WASHINGTON – Today, the U.S. Senate Homeland Security and Governmental Affairs Committee held the hearing, “Terror in Europe: Safeguarding U.S. Citizens At Home and Abroad.” Below is the opening statement of Ranking Member Tom Carper (D-Del.), as prepared for delivery:
“Mr. Chairman, thank you for calling this hearing. Our thoughts and prayers are with the victims of the horrific attack in Brussels that took place just two weeks ago.
“As with the Paris terror attacks, similar attacks in places around the world like Pakistan and Turkey, as well as the Boston Marathon and San Bernardino attacks on our shores, what happened in Brussels exposes once again the vulnerability of public places such as malls, train stations, and airports. With today’s 24-hour news cycle, Americans are seeing these attacks unfold in real time. From our living rooms, we can see the devastation these attacks caused, and the pain they inflict on the victims and their loved ones. So Americans are understandably uneasy and concerned for their safety and for the safety of their families, friends, and neighbors. But it’s important to remember that the most potent weapon terrorists like those who committed these recent attacks have is fear. They want to scare us into turning against one another and our neighbors. They want to make us afraid to go about our everyday lives.

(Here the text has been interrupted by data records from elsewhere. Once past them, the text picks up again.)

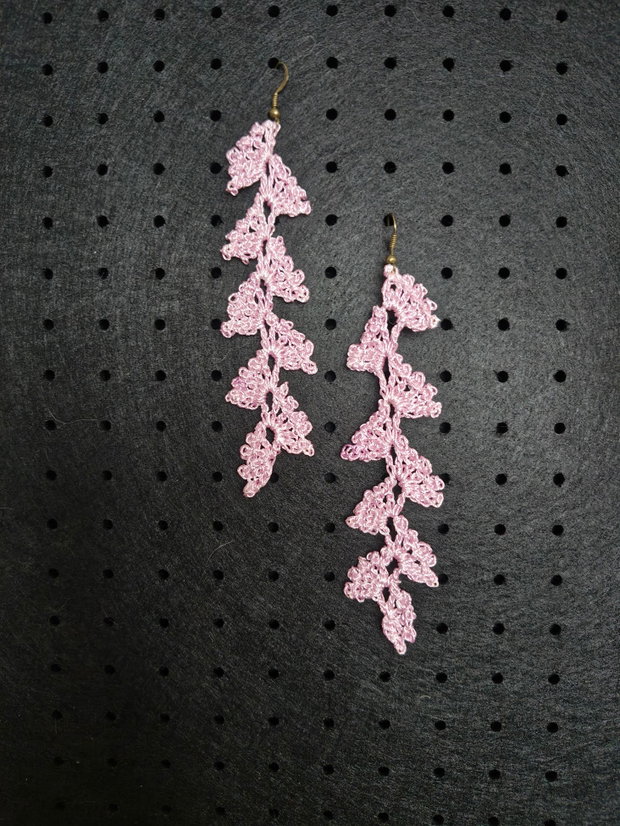 Cercei handmade croșetați roz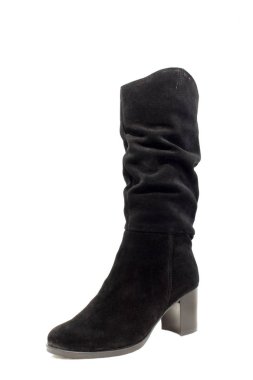 beyaz zemin üzerine siyah kadın çizme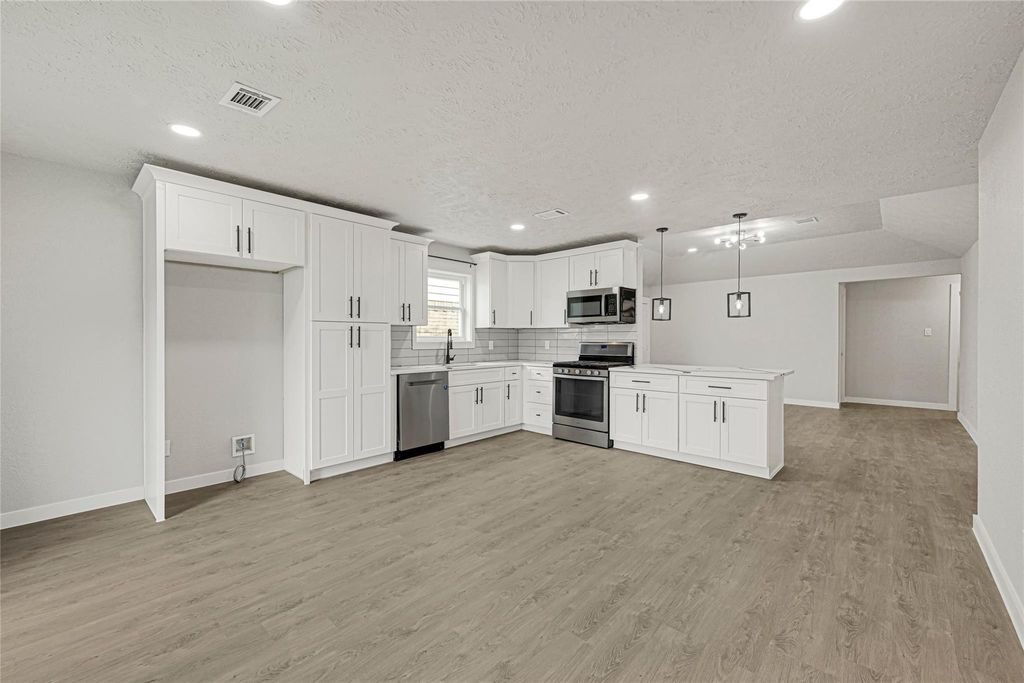 15322 Bedford Glen Drive, Channelview, TX 77530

“We might feel a little bit safer if we saw more obvious security at every public place we visit. But those measures come at a high price, and don’t necessarily deter terrorists who do not value other lives or even their own. And many would argue – I believe correctly – that turning every public place into a heavily guarded fortress would restrict Americans’ own personal freedoms. Instead, we need to be smart about how we combat these ever-evolving terror threats. We must continuously sharpen our ability to predict and prevent terrorist plots through the use of our robust intelligence and law enforcement capabilities. Refining these tools and ensuring that we keep pace with the evolving threats we face is an important responsibility of our federal agencies and Congress.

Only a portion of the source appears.